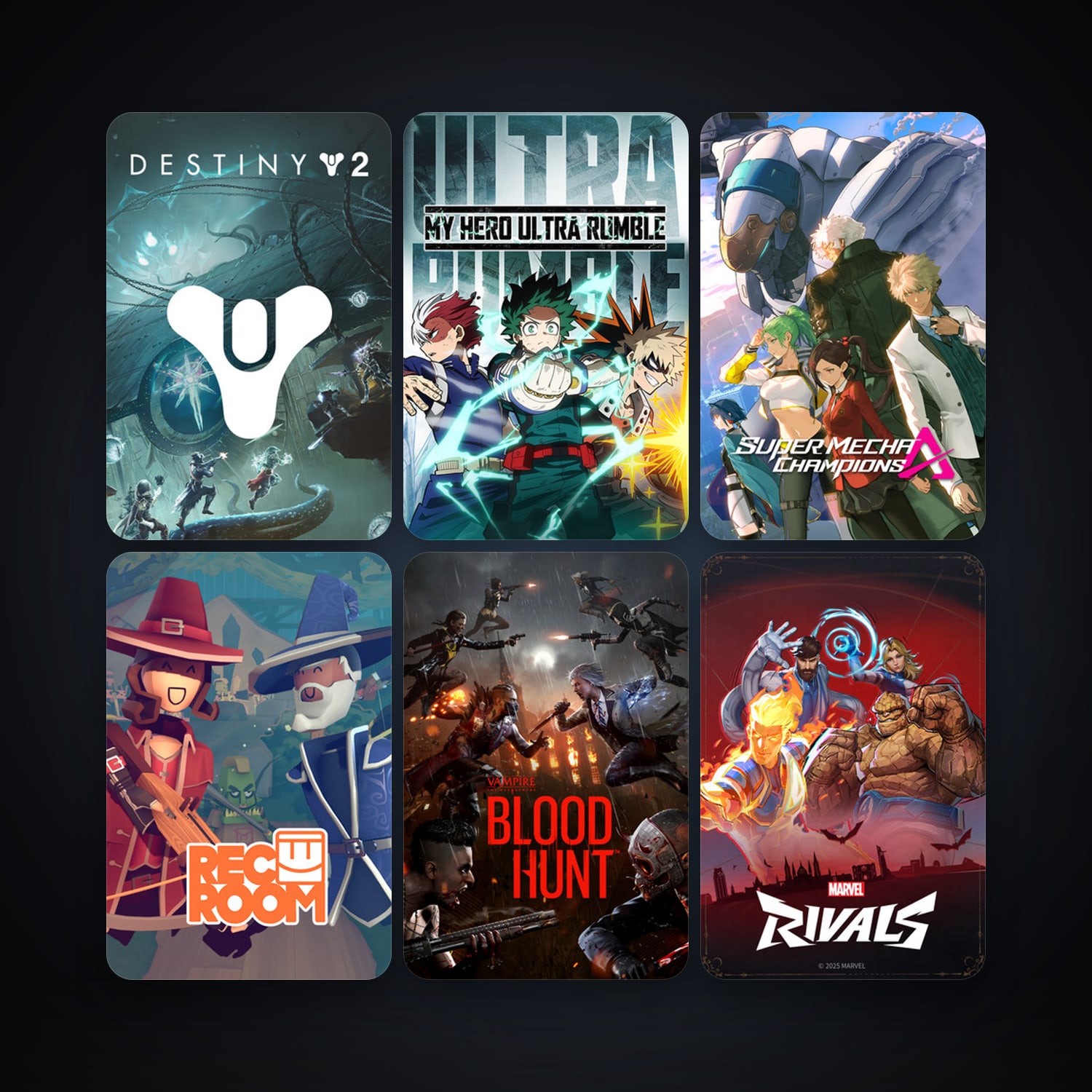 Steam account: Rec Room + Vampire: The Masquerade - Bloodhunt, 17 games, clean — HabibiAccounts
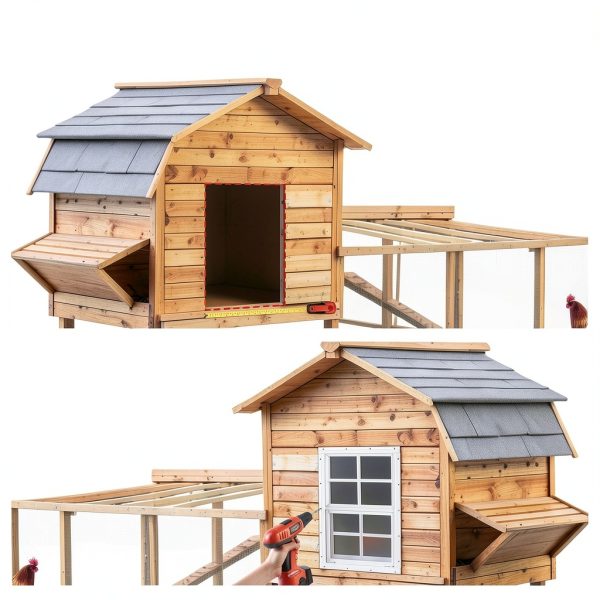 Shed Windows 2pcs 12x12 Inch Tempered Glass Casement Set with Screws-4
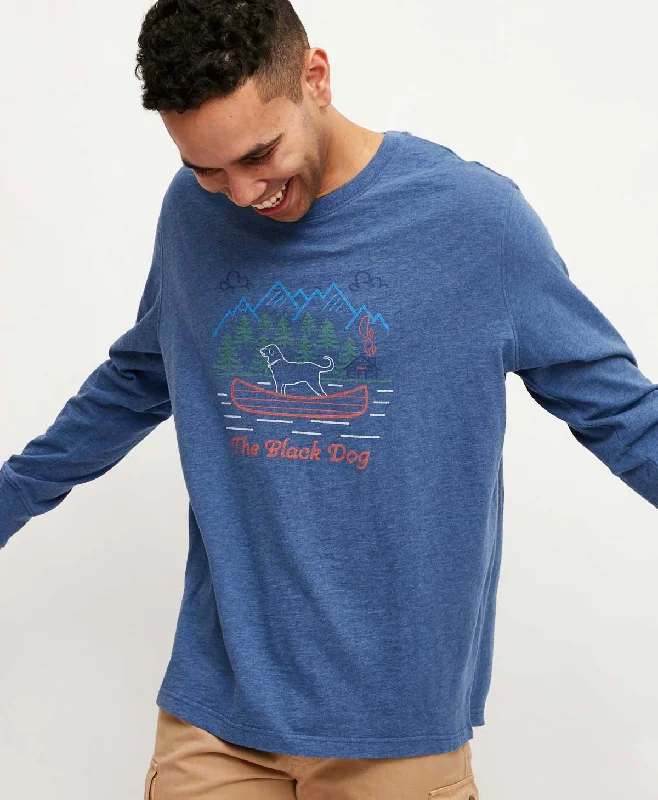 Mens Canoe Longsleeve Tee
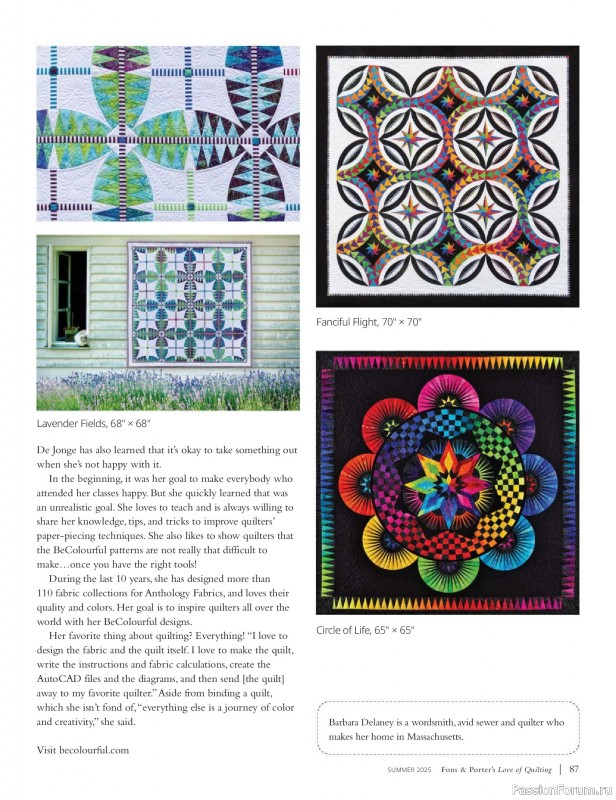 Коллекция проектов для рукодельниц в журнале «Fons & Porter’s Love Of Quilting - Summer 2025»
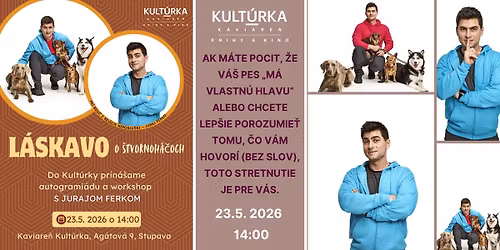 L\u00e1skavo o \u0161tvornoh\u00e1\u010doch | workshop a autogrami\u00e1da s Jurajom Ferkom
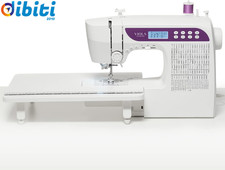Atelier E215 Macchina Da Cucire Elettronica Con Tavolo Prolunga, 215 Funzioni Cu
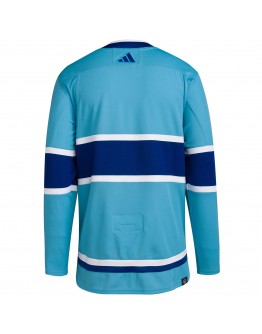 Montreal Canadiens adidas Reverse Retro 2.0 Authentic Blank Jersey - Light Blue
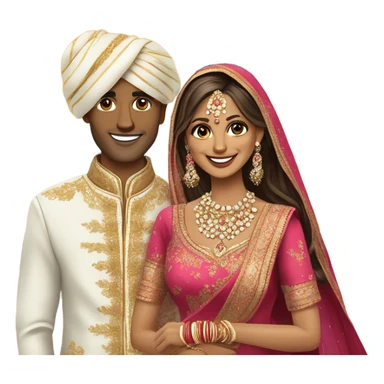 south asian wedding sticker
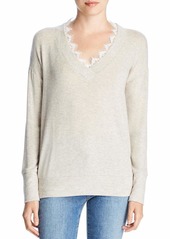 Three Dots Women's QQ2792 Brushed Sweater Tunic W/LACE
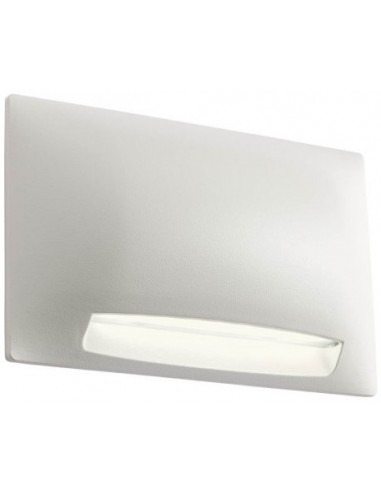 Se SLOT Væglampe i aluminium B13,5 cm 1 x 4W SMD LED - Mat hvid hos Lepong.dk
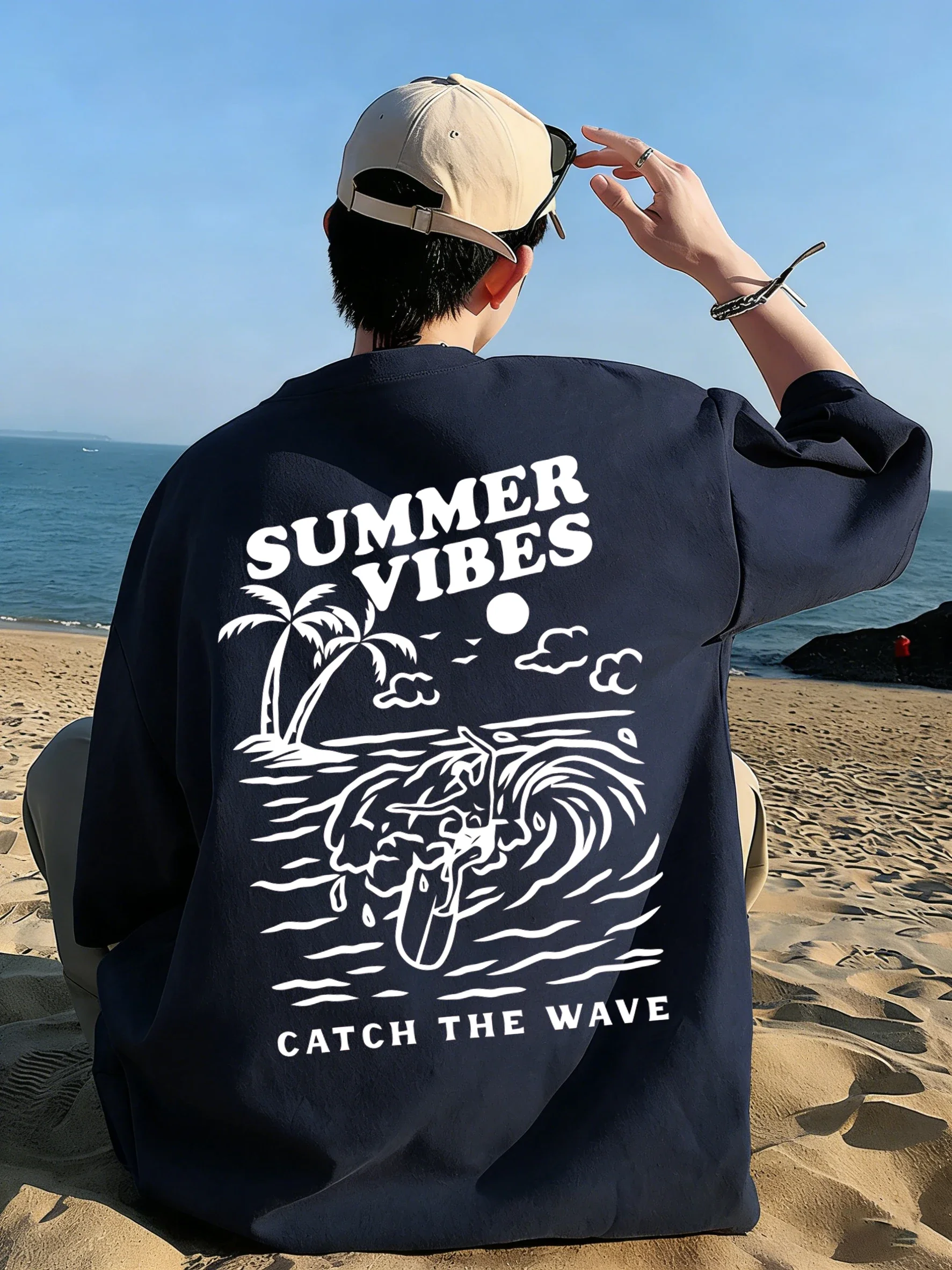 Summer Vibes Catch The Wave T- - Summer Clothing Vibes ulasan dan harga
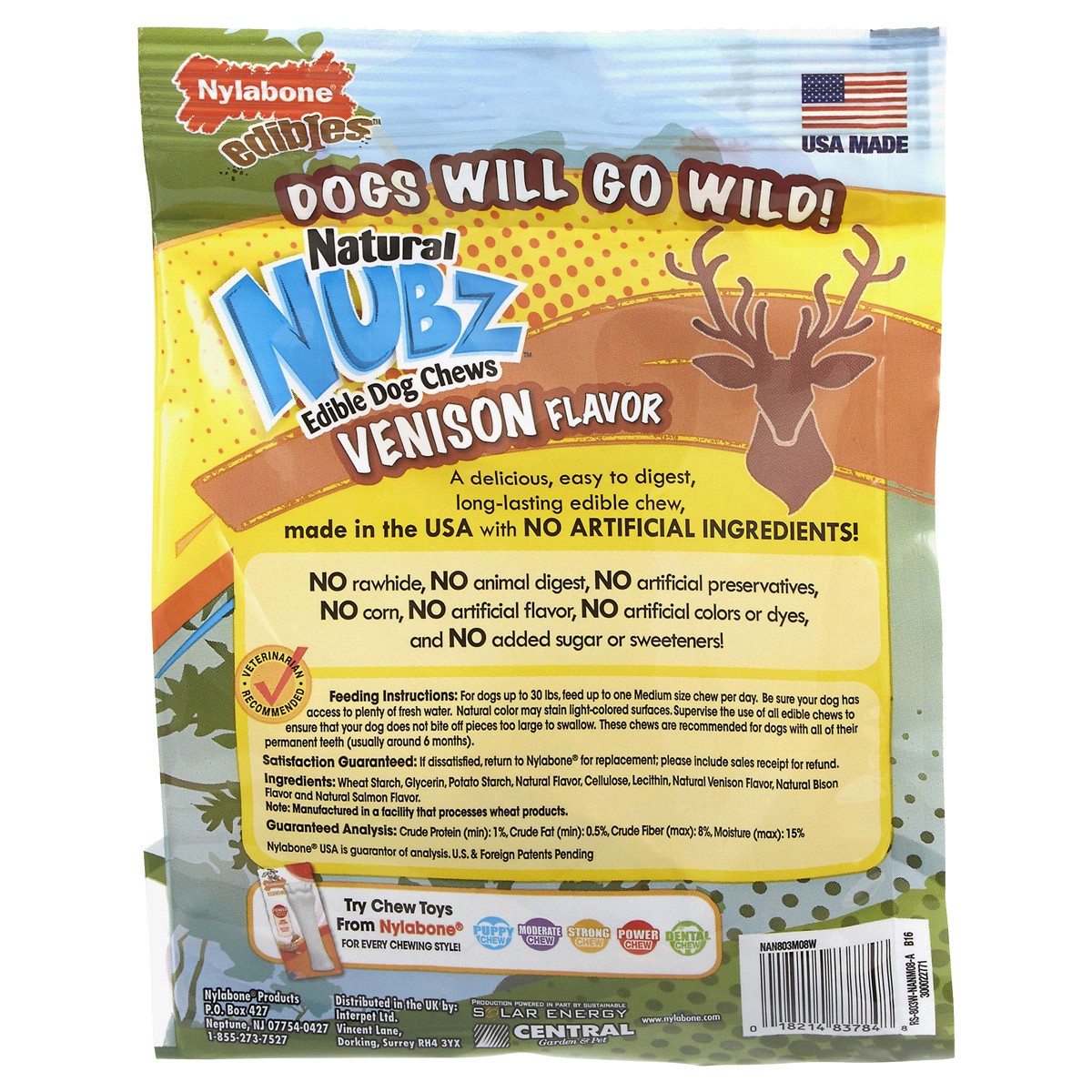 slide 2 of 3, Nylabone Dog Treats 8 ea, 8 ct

-*-*-

TASK DIRECTIONS: Please set down exactly the lines from the one holding "Shed Windows 2pcs" through the last line of the entries, both ends included, and skip pictures.

RESULT OF THE TASK:
 Shed Windows 2pcs 12x12 Inch Tempered Glass Casement Set with Screws-4
 Mens Canoe Longsleeve Tee
 Коллекция проектов для рукодельниц в журнале «Fons & Porter’s Love Of Quilting - Summer 2025»
 L\u00e1skavo o \u0161tvornoh\u00e1\u010doch | workshop a autogrami\u00e1da s Jurajom Ferkom
Atelier E215 Macchina Da Cucire Elettronica Con Tavolo Prolunga, 215 Funzioni Cu
 Montreal Canadiens adidas Reverse Retro 2.0 Authentic Blank Jersey - Light Blue
 south asian wedding sticker
 Three Dots Women's QQ2792 Brushed Sweater Tunic W/LACE
 Se SLOT Væglampe i aluminium B13,5 cm 1 x 4W SMD LED - Mat hvid hos Lepong.dk
 Summer Vibes Catch The Wave T- - Summer Clothing Vibes ulasan dan harga
 slide 2 of 3, Nylabone Dog Treats 8 ea, 8 ct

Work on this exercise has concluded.